__Exercise directions__: A word-for-word copy of the listing is required, and it must contain no pictures.

__Information supplied__:
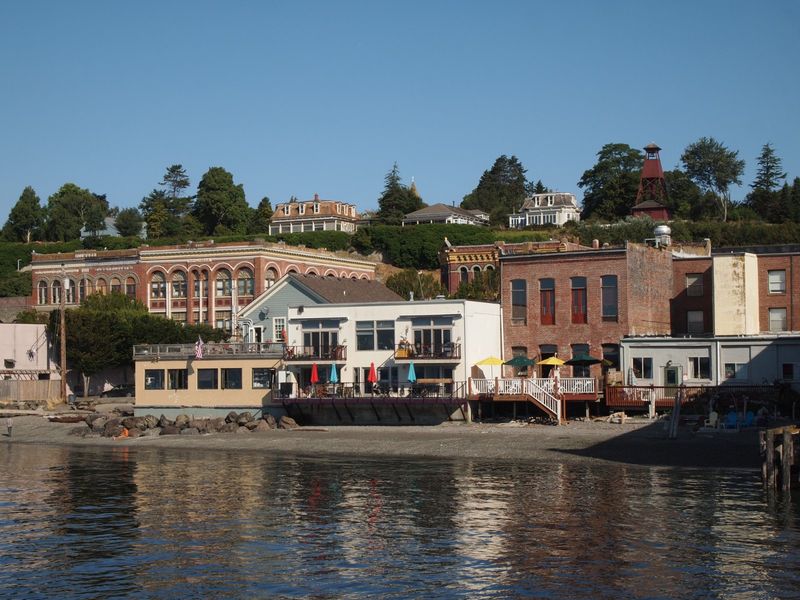 An Artist's Haven by the Water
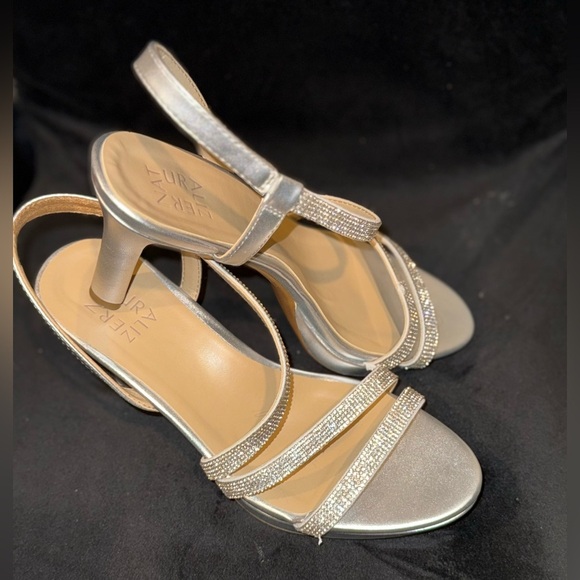 Naturalizer Silver Rhinestone Heels for Formal Events Wide/New - Picture 9 of 9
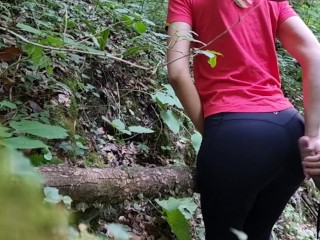 She begged me to cum on her big ass in yoga pants while hiking, almost got caught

__Answer below__:
 An Artist's Haven by the Water
 Naturalizer Silver Rhinestone Heels for Formal Events Wide/New - Picture 9 of 9
 She begged me to cum on her big ass in yoga pants while hiking, almost got caught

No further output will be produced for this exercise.